I take my share of the responsibility for asking the student to do something she was not prepared for, so she knows that her mistakes were part of a complex process that involve my explanations, her ability to attend to them, time pressures, her previous knowledge, my knowledge of her math level, and emotional factors.
I’m scared. I’m anxious. I’m worried. I hate math. I’m stressed out.
Fight, flight, or freeze. I’ve learned to recognize all these responses by math students, and gone on from there to take it less personally when students attack me or run from me or disengage. I know it’s not so much me they are reacting to, but to the situation itself.
For some years I would go around the class, asking, "How are you doing? Do you need any help?" and students would say, "Okay," or "No." Usually they kept their work hidden when they answered this way, but often I would find out later that indeed they did need help — they weren’t doing okay at all. Yet they shut me out by saying, "I’m okay." Why do they lie? Because they are running away from whatever mini-lesson I might give them if they admitted they needed help. Because they are running away from the panic they would feel if they worked on math with the teacher.
Sometimes I would invite people to come to see me outside class time to get some extra help, and the answer might be, "No thanks, I’ll work with my tutor (or my father or my girlfriend or…). But I would hear from the tutor that they didn’t show up for a scheduled tutoring session, and I would see no evidence that the alleged sessions with family members bore any fruit. Why would a student invent math learning at some other time? Because they are running away from my math lesson and from panic.
For a while I took it personally, all this running away, but eventually I learned some tactics for heading it off. I no longer ask, "Do you need any help?" Instead I say, "What question are you working on? What can you tell me about your thinking about that question?" or "You don’t look happy.

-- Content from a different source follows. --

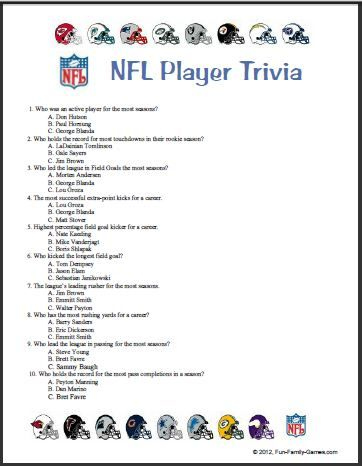 Football Nfl Trivia Questions And Answers OkeGoal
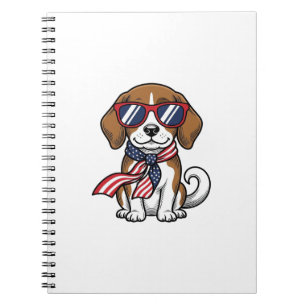 Vintage Patriotic Beagle Dog Sunglasses Shirt_1 Notebook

What’s getting you down?" The student can still avoid me if he wants to, but I don’t make it easy for him. If the student is not struggling, this technique invites the student to articulate their math thinking.
Many students who have been dealing with fear of math for a long time have developed a defensive fall-back position, which expresses itself as "I’m no good at math (so I don’t have to try)" or "I can’t do tests (so don’t ask me to)." Another fallback position is to blame the teacher. More situations for me to practice not taking things personally!